Muitas imitações do vinho Mariani foram lançadas. A mais feliz foi a de John Pemberton, farmacêutico de Atlanta, em 1886, com o nome de FRENCH WINE COCA, que continha também, extrato de nozes, cola de Ghana com uma porcentagem elevada em cafeína – em porções muito mais elevadas do que o café e, que teve muito sucesso.


Não obstante, por causa da lei seca nos Estados Unidos, mediante a qual se proibia bebidas que continham álcool, teve que encontrar uma fórmula que tivesse as mesmas propriedades estimulantes, porém, sem álcool, bebida que chamou posteriormente de Coca-Cola.

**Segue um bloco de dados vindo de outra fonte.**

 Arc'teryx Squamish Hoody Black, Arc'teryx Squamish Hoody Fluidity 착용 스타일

Em 1912 Harvey Wiley empreende uma ofensiva contra a Coca-cola, que terminaria com a ‘descocalização’ e a proibição da cocaína em 1914.”

Puchero






Lapping con Choclo
Santeñas









VINHO, PROPRIAMENTE DITO


Bem menos popular que a folha de coca, há o vinho na Bolívia.
Provei dois exemplares da produção nacional, de distintas qualidades, um do produtor Campos de Solana: Gran Reserva, Colección de Altura, Cabernet Sauvignon que era o equivalente a um vinho de mesa.
Já o segundo da família Kohlberg: Tierra Dorada, Syrah 2008 era um venha vinho mais elaborado, porem que também teria muitas dificuldades em competir fora de sua origem.

Porém, há muito que se produz vinho por aqueles pagos. As primeiras videiras chegaram à Bolívia no século XVI, a partir do Peru, trazidas pelos jesuítas missionários.

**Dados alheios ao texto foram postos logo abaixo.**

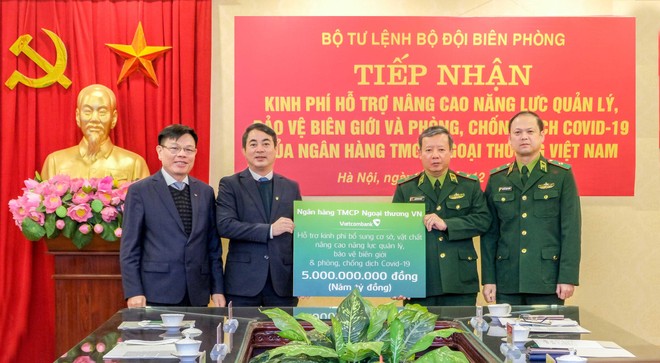 Ông Nghiêm Xuân Thành - Bí thư Đảng ủy, Chủ tịch HĐQT Vietcombank (thứ 2 bên trái) và ông Đào Minh Tuấn, Phó tổng giám đốc, Chủ tịch Công đoàn Vietcombank (ngoài cùng bên trái) trao biển tượng trưng số tiền 5 tỷ đồng Vietcombank ủng hộ cho đại diện Bộ Tư lệnh Bộ đội biên phòng: Thiếu tướng Nguyễn Đức Mạnh, Phó Tư lệnh Bộ đội biên phòng (thứ 2 bên phải) và Thiếu tướng Nguyễn Anh Tuấn, Chủ nhiệm Kl991.com tải ứng dụng Bộ đội biên phòng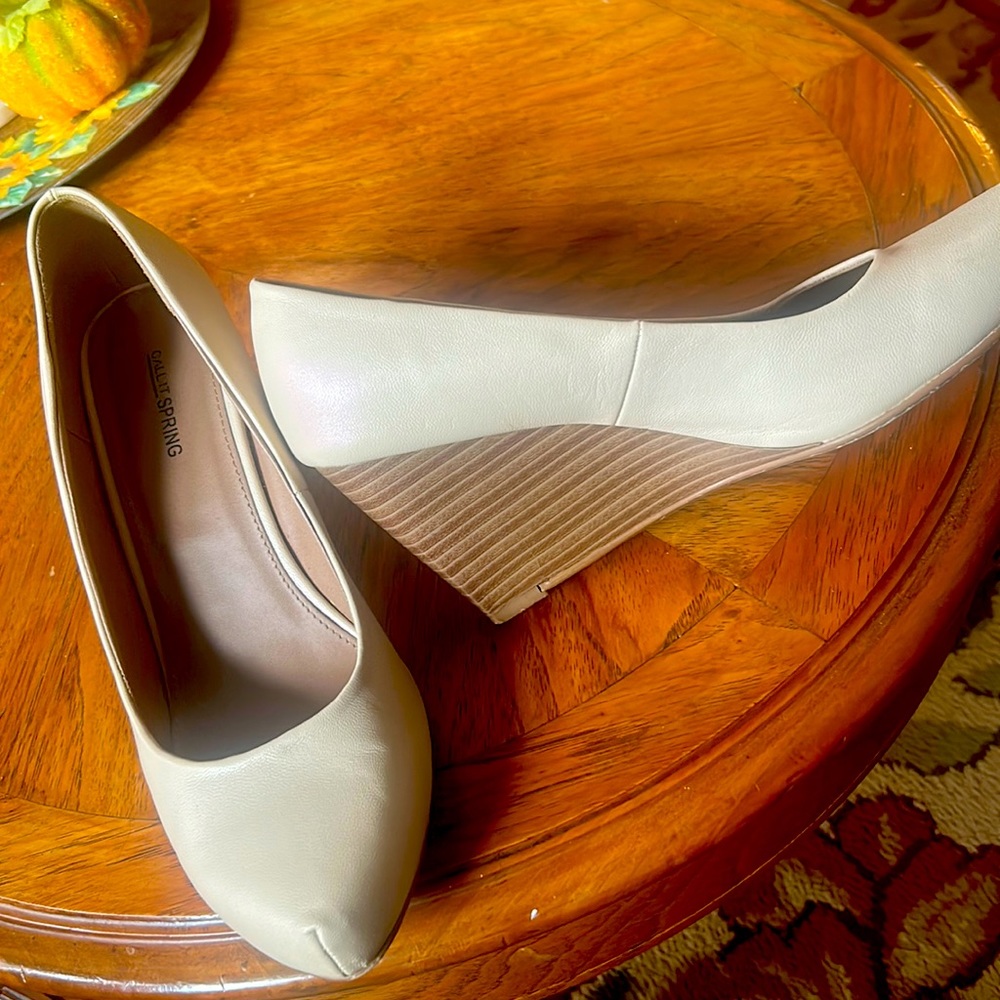 Nude wedges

Durante séculos, a agricultura tem sofrido com os vaivens da política, econômica e estrutura social, sustentando-se basicamente na agricultura familiar.


Por muitos anos, a viticultura da Bolívia sobreviveu graças aos esforços e tenacidade dos produtores, sem qualquer apoio de políticas governamentais de desenvolvimento ou financiamento.


Além disso, os viticultores tinham pouca experiência em técnicas de gestão e matéria-prima, como clones.


A área vitivinícola mais importante está em Tarija, na região do Vale do Guadalquivir, conhecida como a Andaluzia boliviana.


O vale central de Tarija é o maior produtor de uva na Bolívia. A variedade mais utilizada é Moscatel de Alexandria, que responde por quase 80% das culturas de uva branca. A Negra Criolla é a tinta mais abundante. Em quantidades menores se encontra também: Cabernet Sauvignon, Malbec, Tempranillo, Merlot, Grenache, Syrah, Barbera, Franco Colombard, Riesling, Chardonnay e Sauvignon Blanc.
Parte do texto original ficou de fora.